The distribution of individual ensemble members is intended to be able to indicate forecast uncertainty. However, only a finite ensemble is available (nine members from each coupled model) suggesting that the forecast distribution may be poorly sampled, and so the uncertainty associated with the forecasts has to be estimated. Probabilistic MOS forecasts for each of the 22 retroactive years are obtained here from the error variance of the cross-validated predictions using the ensemble mean (Troccoli et al., 2008) for each of the various training periods. The errors in the predictions are assumed to be Gaussian. Cross-validation is performed using a (large) 5-year-out window, which means that 2 years on either side of the predicted year are omitted, in order to minimize the chance of obtaining biased results.

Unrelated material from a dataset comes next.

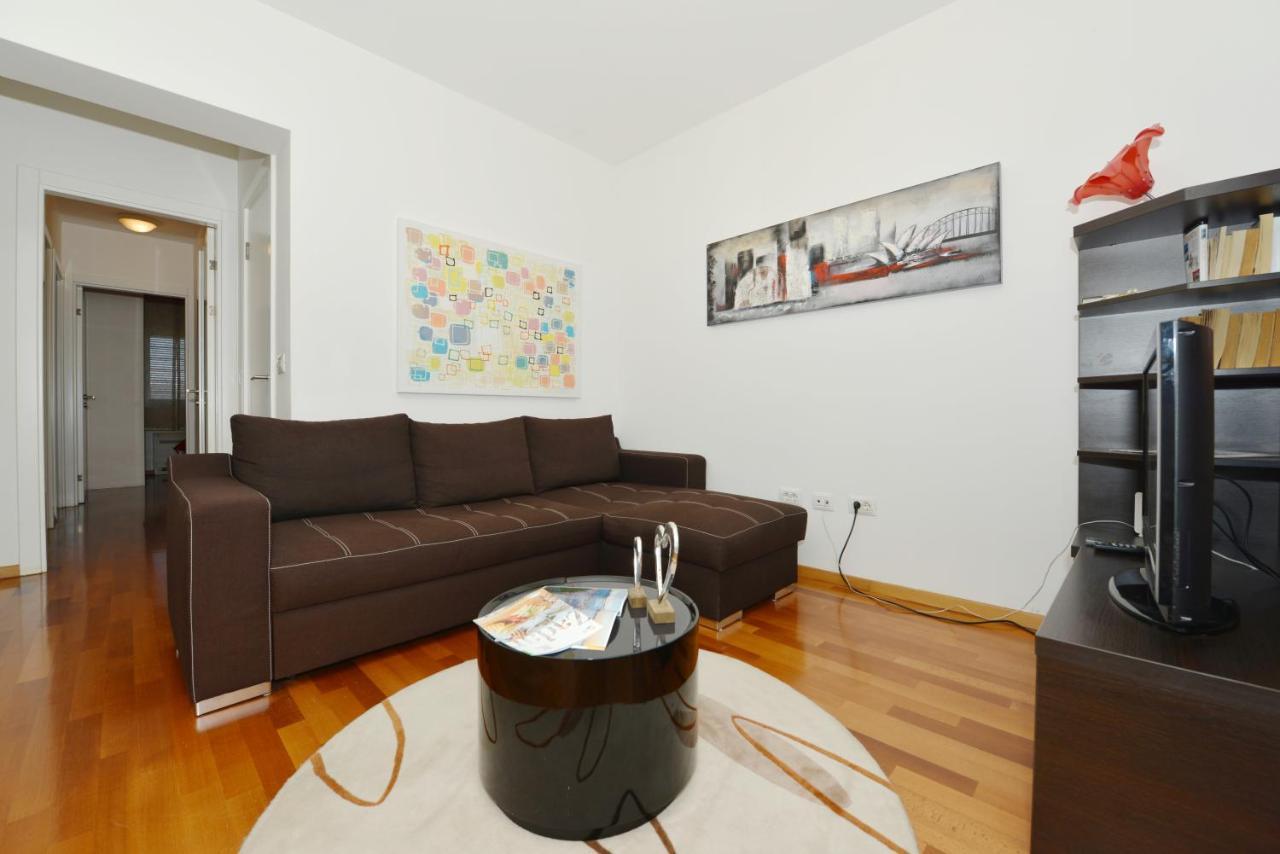 Apartment Ivon Задар Екстериор снимка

This modelling study also focuses on one of the major sources of predictability over southern Africa, namely the El Niño-Southern Oscillation (ENSO) phenomenon, and how forcing from the equatorial Pacific Ocean influences predictability over the region. The El Niño, La Niña, and neutral years considered are those listed by Coelho et al., (2006). Rainfall retroactive forecast skill over the subcontinent is then assessed during El Niño (1982/1983, 1986/1987, 1987/1988, 1990/1991, 1991/1992, 1992/1993, 1994/1995 and 1997/1998 = 8 seasons), La Niña (1983/1984, 1984/1985, 1988/1989, 1995/1996, 1998/1999, 1999/2000 and 2000/2001 = 7 seasons) and neutral (1980/1981, 1981/1982, 1985/1986, 1989/1990, 1993/1994, 1996/1997 and 2001/2002 = 7 seasons) events.

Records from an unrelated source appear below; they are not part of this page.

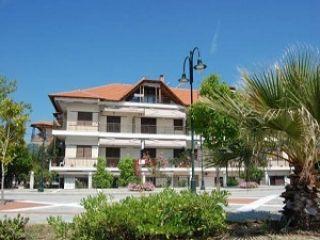 Vila Melahrini, Nea Vrasna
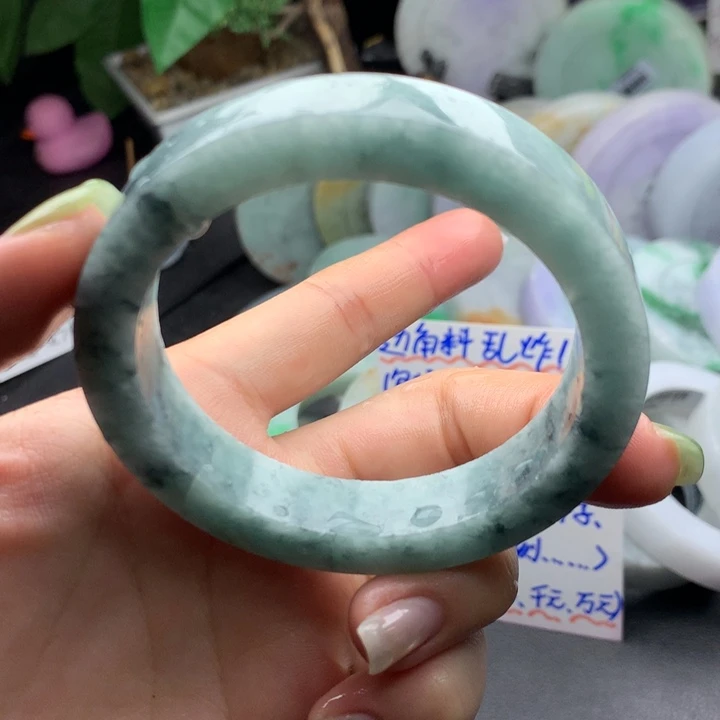 未镶嵌手镯定制翡翠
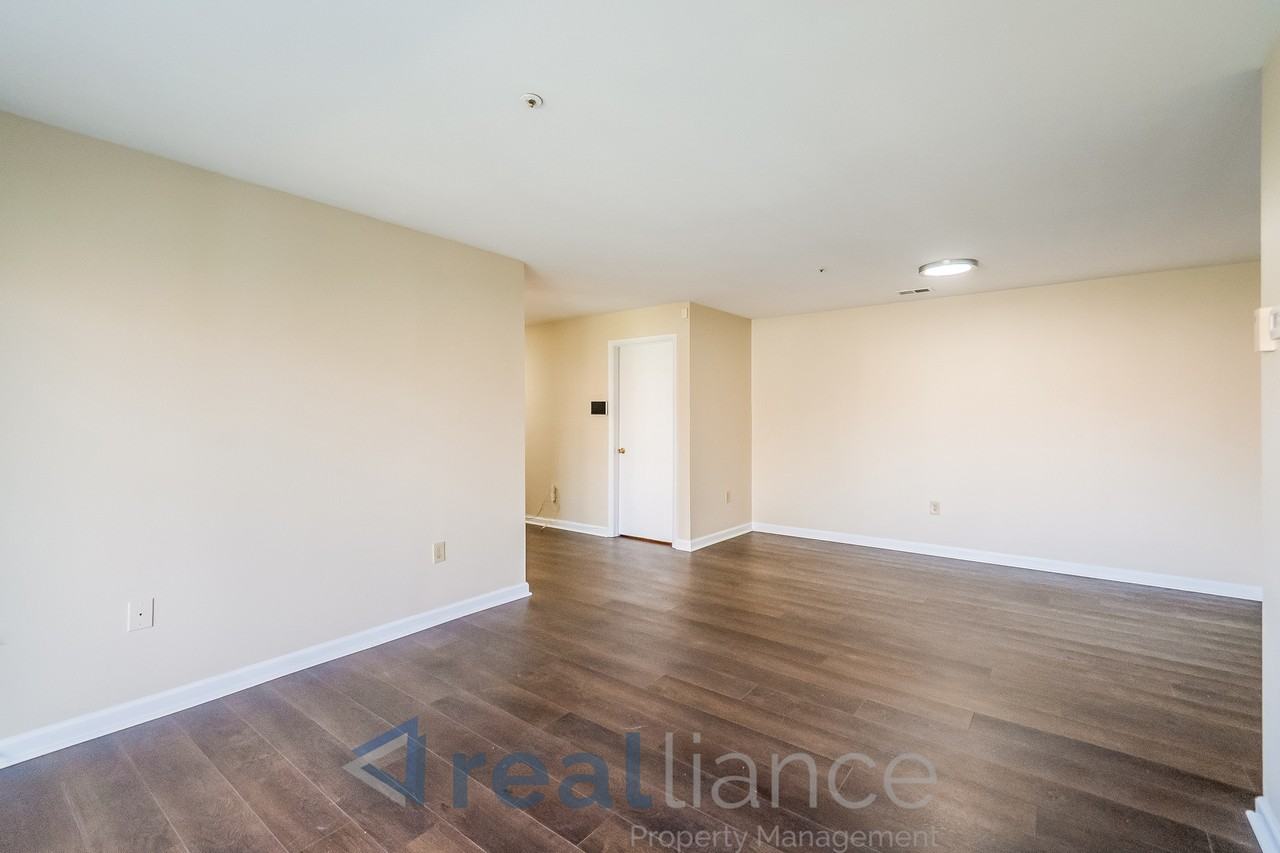 8701 Grasmere Ct - Photo 5 of 16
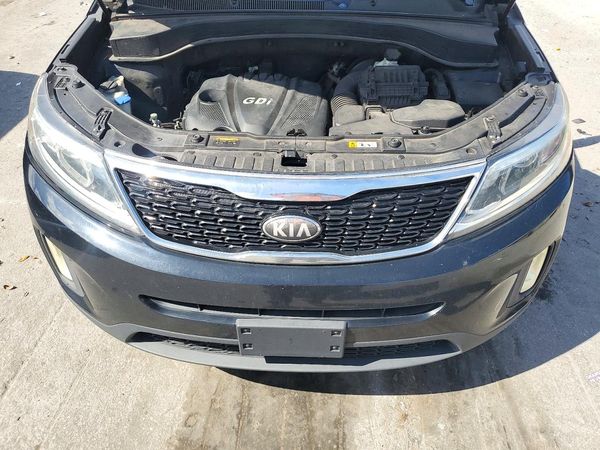 2014 KIA SORENTO Base/ LX — Engine bay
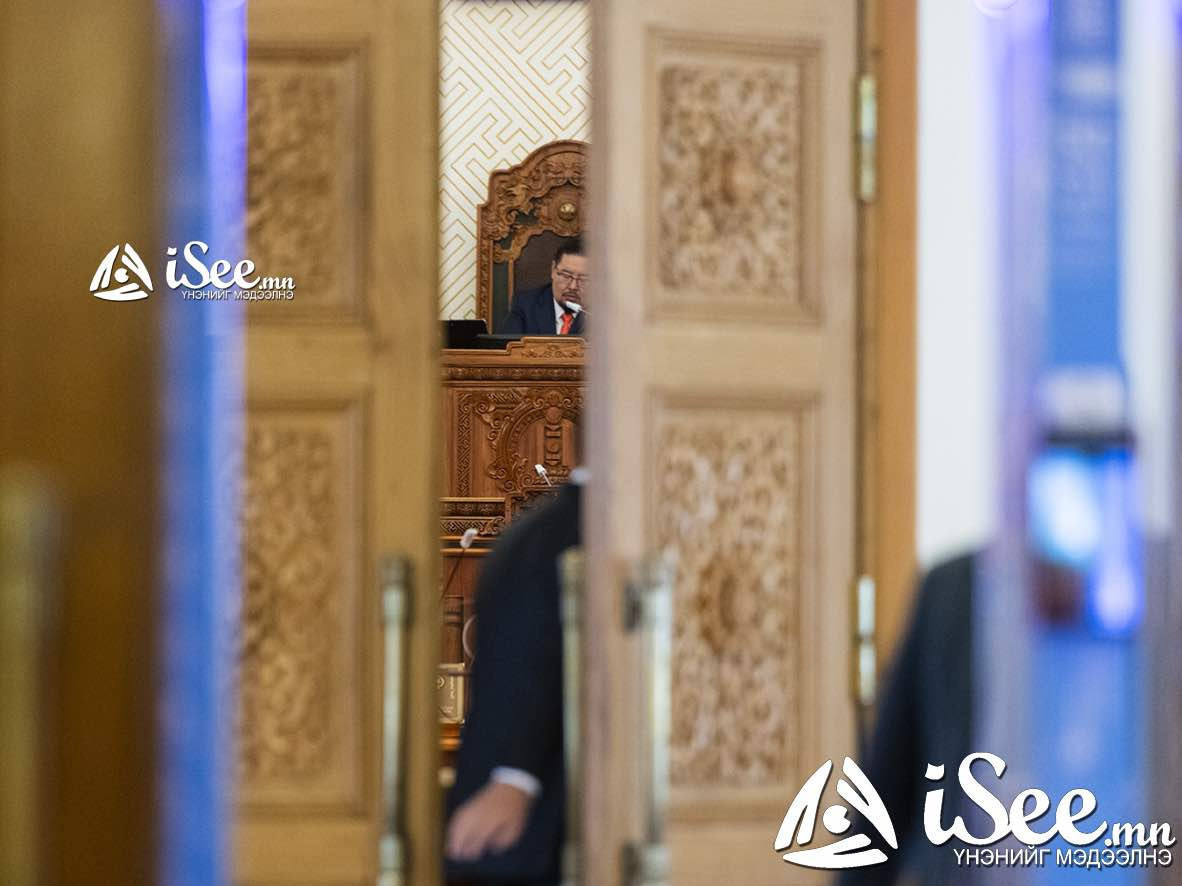 Гишүүдийн бүрэн эрхийг түдгэлзүүлэх саналыг 65 гишүүний ирцтэйгээр хэлэлцэж байна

2.6. Estimating true forecast performance

For the generation of verification data we adopt an approach that minimizes the inflation of forecast skill by testing the models in an environment that mimics that of an operational centre, i.e. a retroactive forecast setting (Wilks, 2006). However, owing to the limited archived model dataset available the MOS equations used for the prediction of the first part of the verification set may not display a robust relationship between the predictor (850 hPa heights) and predictand (rainfall at the surface) throughout the retroactive process, but this problem should become less of an issue as the forecast process progresses beyond about 30 years of training data. Notwithstanding, here we assume that the relationships remain robust, a notion that will be tested later on in the paper.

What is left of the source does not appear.